No one told me an adult life is this hard,
Always wanted being an adult.
Now that I am,
Faced with the cruel reality,
I want to be a baby again.
Who's innocence and a single smile touches the soft hearts, that melts.

Why is it so hard?
Traumas seems to be taking me away from the light,
Binding me with the dark.
I've tried to escape from the cold and cruel hands of my past,
But it keeps resurfacing each time.
Reminding me it's never leaving.
Tried letting it go,
But it was all a washed out paint.
It now feels to difficult to live,
Too hard to breathe.

Walking through the valley of the shadows of death,
An experience that's forever engraved in me.
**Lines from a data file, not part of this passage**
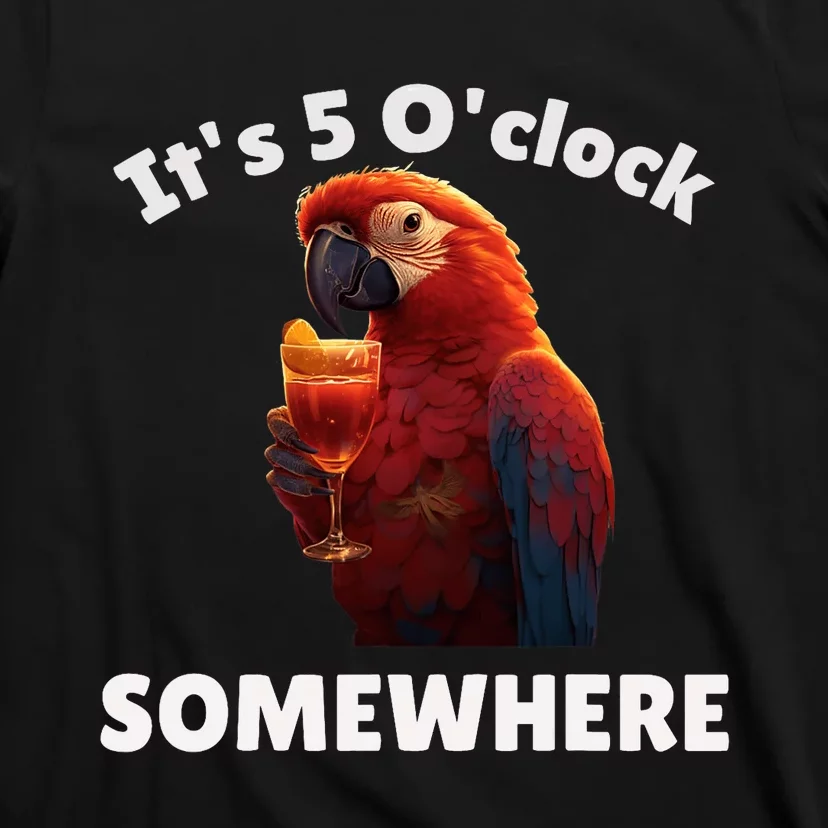 Its 5 Oclock Somewhere! Funny Parrot T-Shirt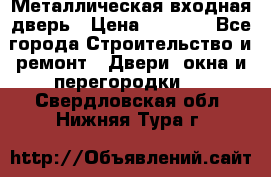 Металлическая входная дверь › Цена ­ 8 000 - Все города Строительство и ремонт » Двери, окна и перегородки   . Свердловская обл.,Нижняя Тура г.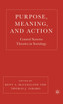 Purpose, Meaning, and Action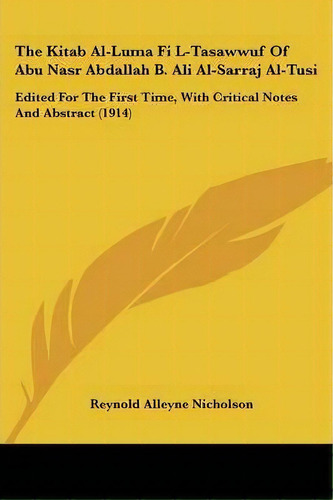 The Kitab Al-luma Fi L-tasawwuf Of Abu Nasr Abdallah B. Ali Al-sarraj Al-tusi, De Professor Reynold Alleyne Nicholson. Editorial Kessinger Publishing, Tapa Blanda En Inglés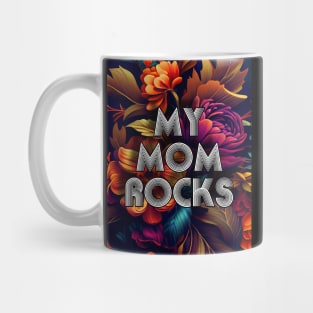 My mom rocks mothers day Mug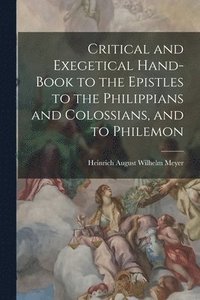 bokomslag Critical and Exegetical Hand-book to the Epistles to the Philippians and Colossians, and to Philemon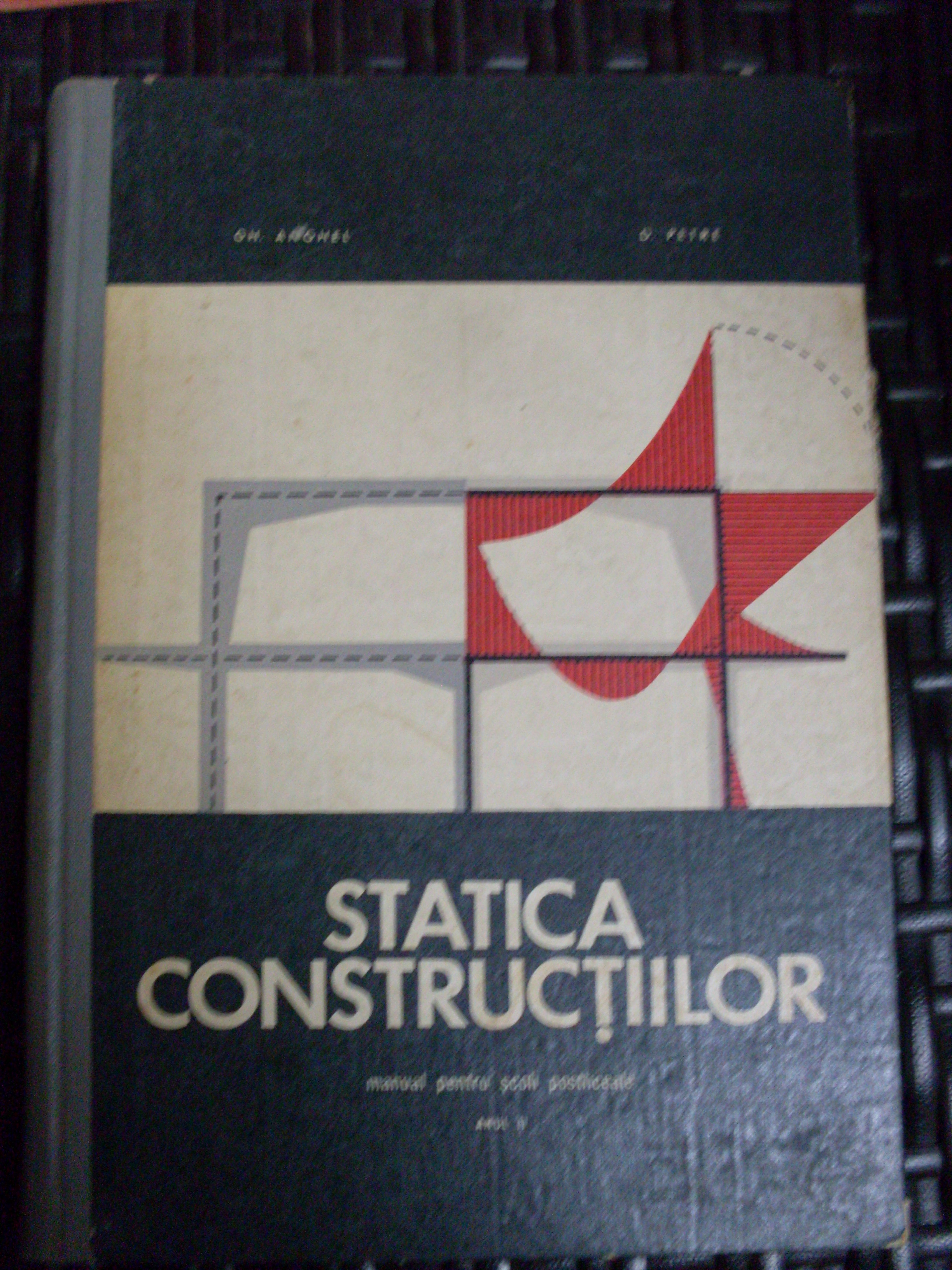 statica constructiilor                                                                               gh. anghel, d. petre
Am I really faithed to be in pain?
The purpose of my existence is being questioned.
What would I do, when the darkness has swallowed me completely?
Would I let it drag me into the dark abyss?
Or would fight my way and emerge victorious?

Being fighting for so long.
Seems like am fighting a lost battle,
A battle that has long been lost.


Each night my soul sheds it's tears,
Broken at our state,
Pity isn't helping,
Neither is sympathy.

A flashed smile and loud laughters is what keeps me sane,
Masking my biggest reality.
Is that how I would live my life?
Being an adult locked in a cage in the deepest part of hell?

Oh how could I forget?
The devil's whisper shouldn't have left my head
"You're nothing but mere puppet."

Slowly, it's all over,
I guess becoming it's loyal puppet, would let me be free.
Even if it's a little freedom, I'll attain.